The expected output is the line with "william_lindsay_perez_mackerel_on_ice" plus all lines after it to the end of the material below, reproduced exactly, with pictures omitted and nothing else included.
────────────────
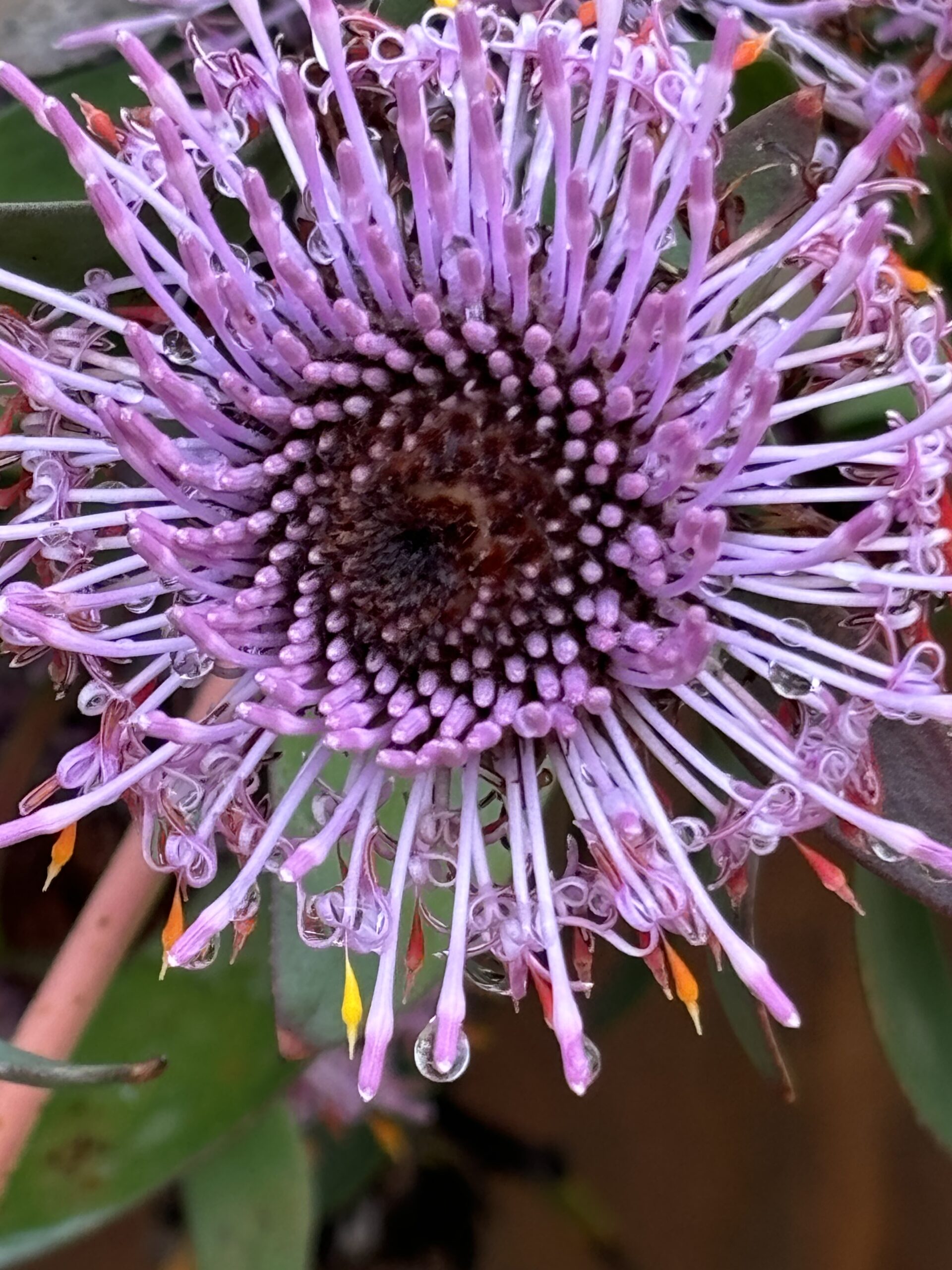 3rd Primary Colour Bloom After Rain Siena Di Pietro Mother Teresa School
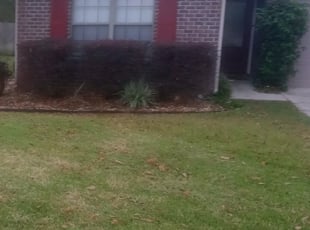 Bush Trimming by Dawn Seifert for Brandon C. in Cantonment, FL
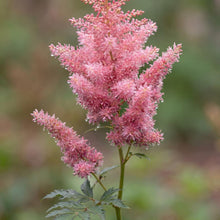 Load image into Gallery viewer, OpenPlantData Astilbe chinensis Vision in Pink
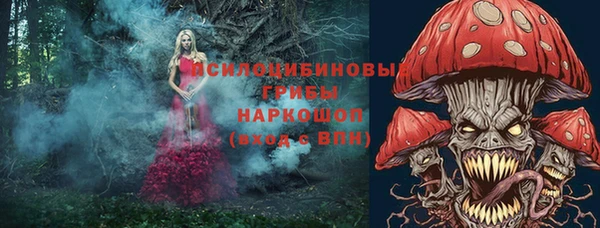 спиды Аркадак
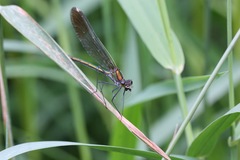 Calopteryx amata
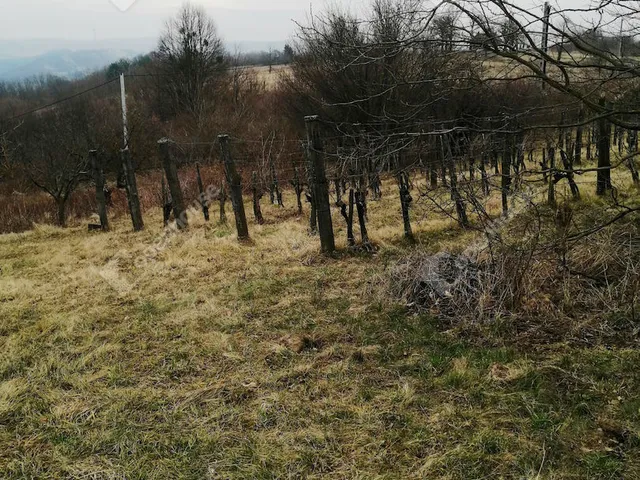 Eladó telek Nagykapornak 1736 nm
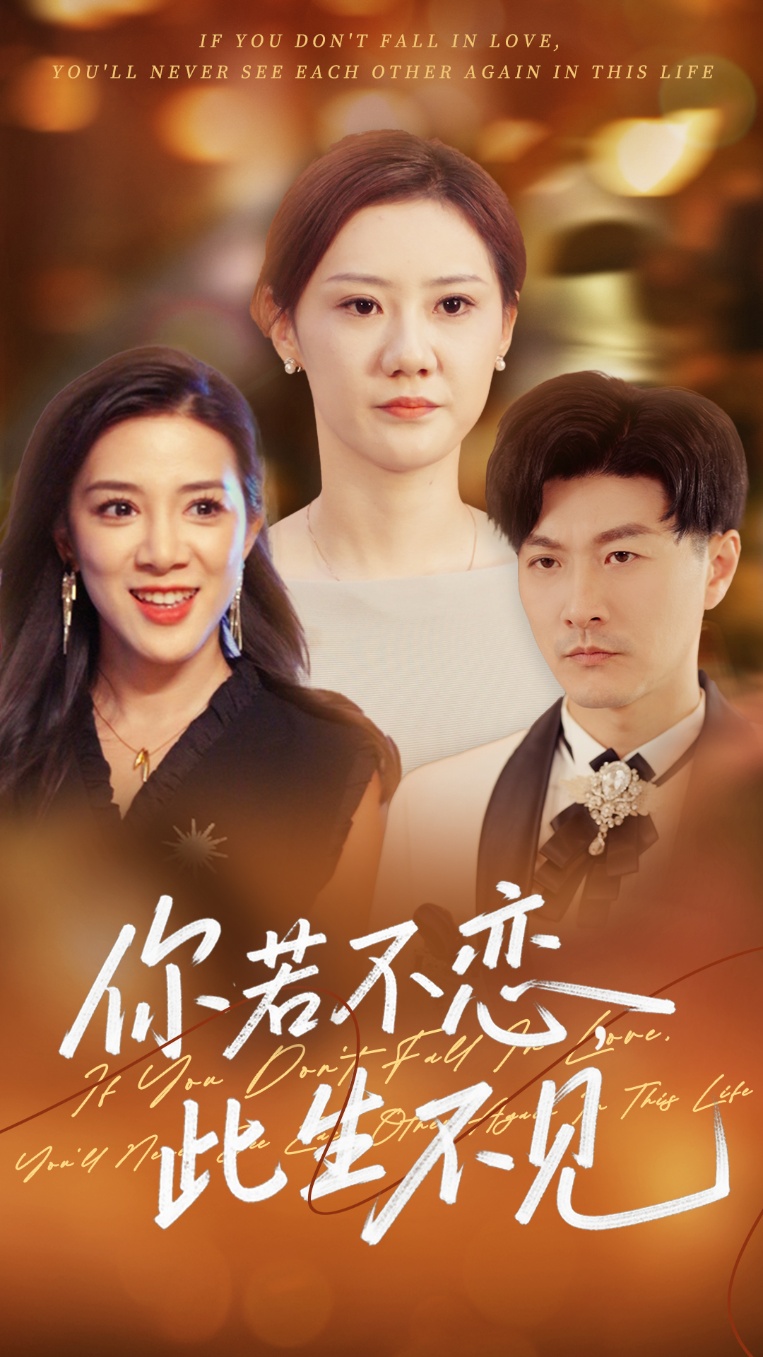 你若不恋此生不见的海报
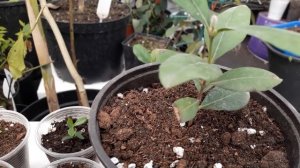 Фейхоа из семян. Выращивание в домашних условиях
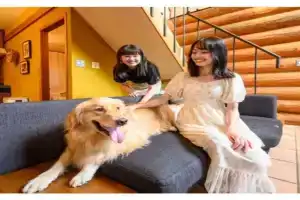 Fiore - Vacation STAY 25656v Hotel, Shima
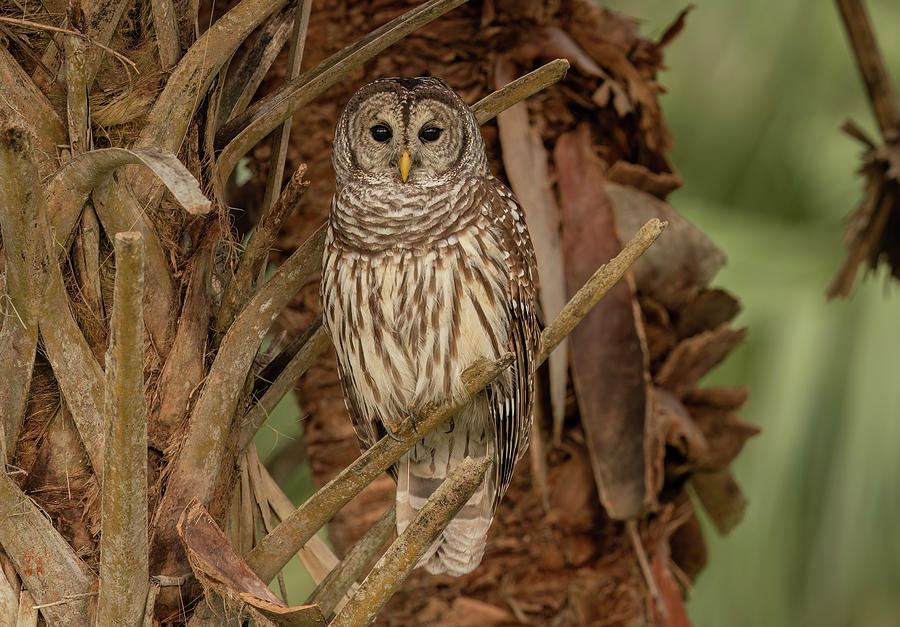 Barred Owl in the palms Photograph by Justin Battles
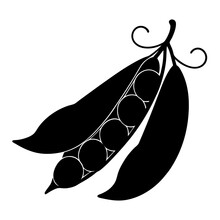 vector illustration of bean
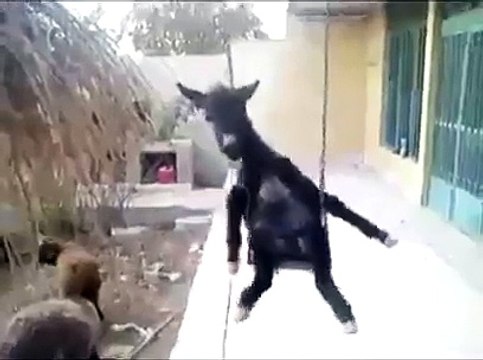 Eşekteki Rahatlığa Hayatı Tesbih Yapmış Sallıyo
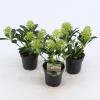 Skimmia (Skimmia Japonica &ldquo;White Dwarf&rdquo;&reg;) heester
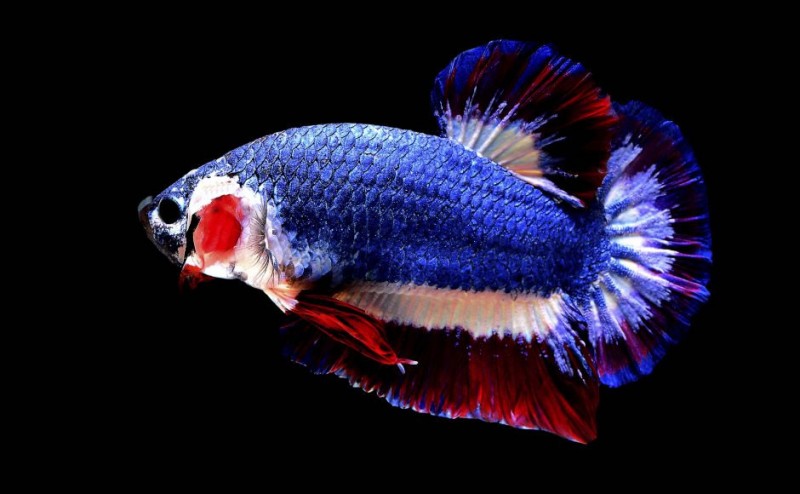 betta.jpg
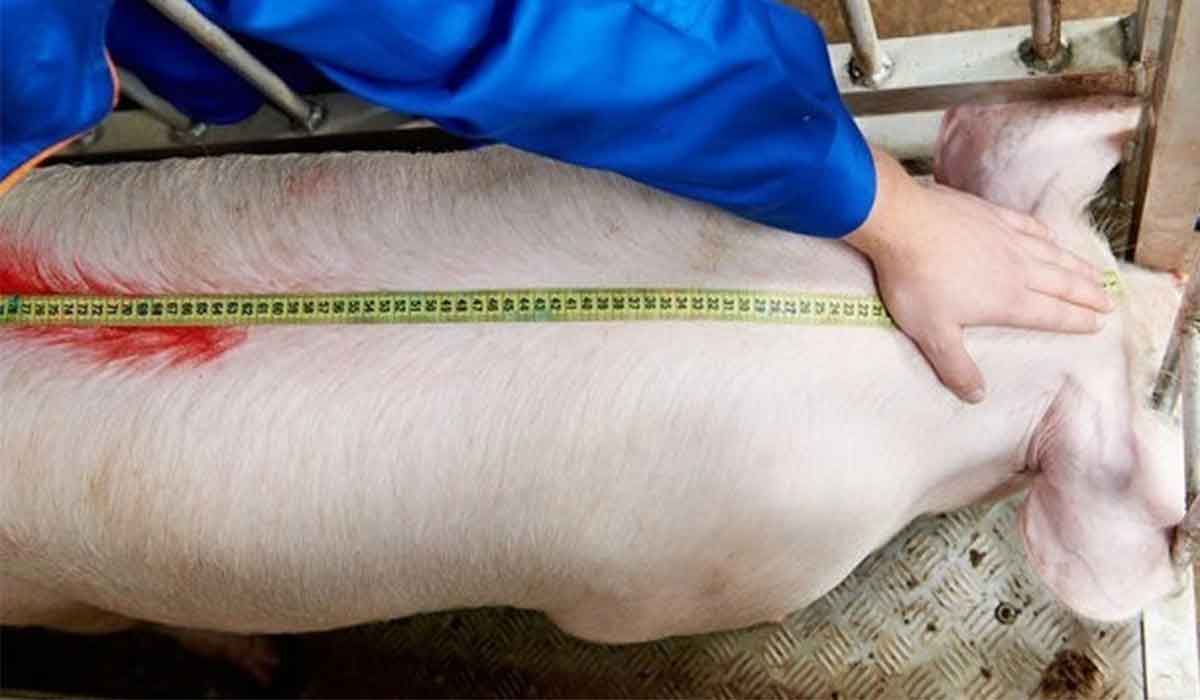 Cum calculezi, de fapt, greutatea unui porc fara a avea un cantar la indemana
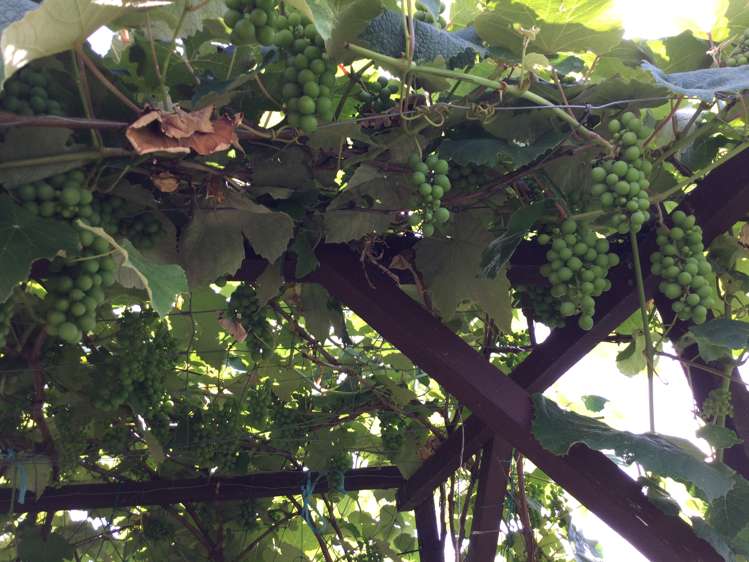 104 Hays Place Thames_18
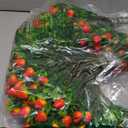 20 Pcs Artificial Strawberry Branches 11.81" Long Stem Strawberry Picks Plastic Realistic Straw Berry with Green Leaves Simulation Fruit Branch Decorative Branch for Vase Home Party Decoration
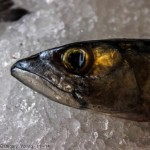 william_lindsay_perez_mackerel_on_ice
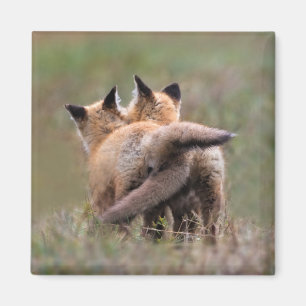 Cutest Baby Animals   Red Fox Kits Locking Tails Magnet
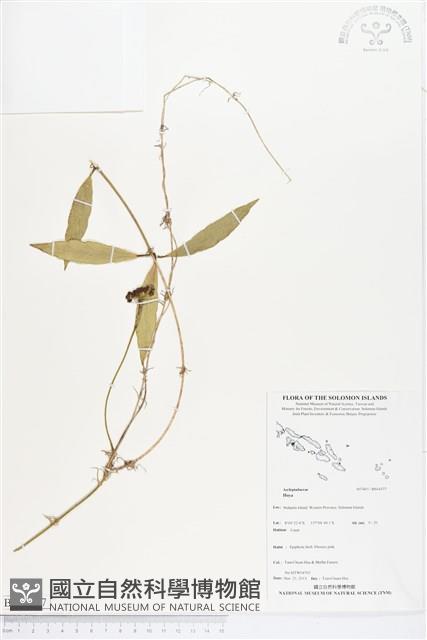 登錄號:BS04377藏品圖，第1張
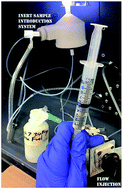 Graphical abstract: Characterization of a 12 M KOH zincate fuel for green energy backup systems using flow injection coupled to inductively coupled plasma optical emission spectrometry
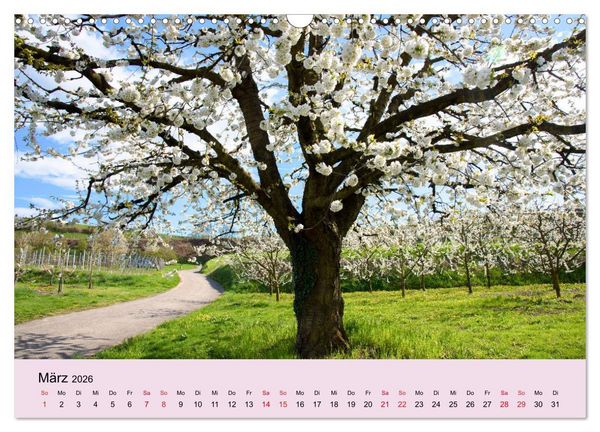 Produktbild: Augenblicke im Kaiserstuhl (Wandkalender 2026 DIN A3 quer), CALVENDO Monatskalender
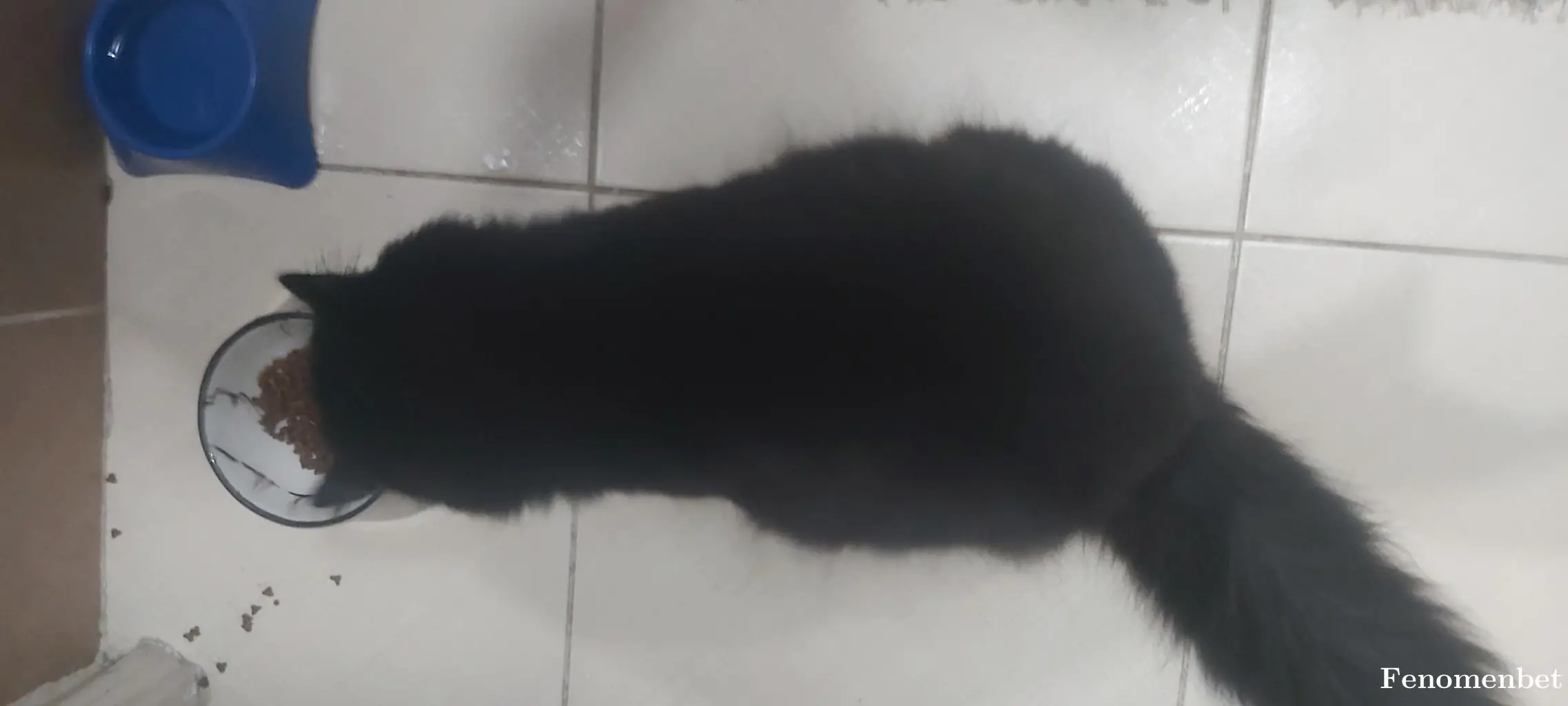 Mhmtucknn28 tarafından paylaşılan fotoğraf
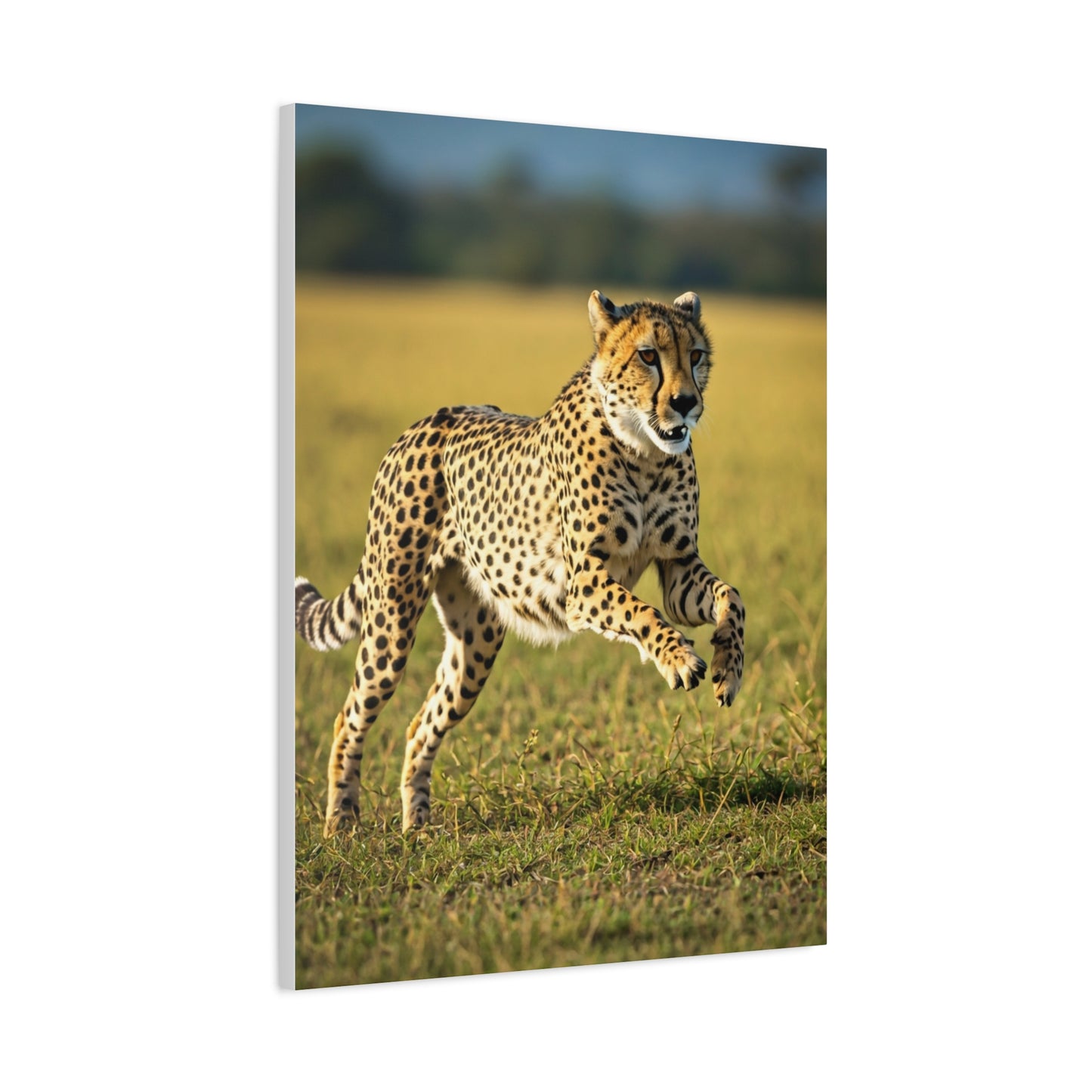 African Sunset Baobab Trail Wall Art & Canvas Prints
────────────────
◆ **Exercise output**:
 william_lindsay_perez_mackerel_on_ice
 Cutest Baby Animals   Red Fox Kits Locking Tails Magnet
 登錄號:BS04377藏品圖，第1張
 Graphical abstract: Characterization of a 12 M KOH zincate fuel for green energy backup systems using flow injection coupled to inductively coupled plasma optical emission spectrometry
 Produktbild: Augenblicke im Kaiserstuhl (Wandkalender 2026 DIN A3 quer), CALVENDO Monatskalender
 Mhmtucknn28 tarafından paylaşılan fotoğraf
 African Sunset Baobab Trail Wall Art & Canvas Prints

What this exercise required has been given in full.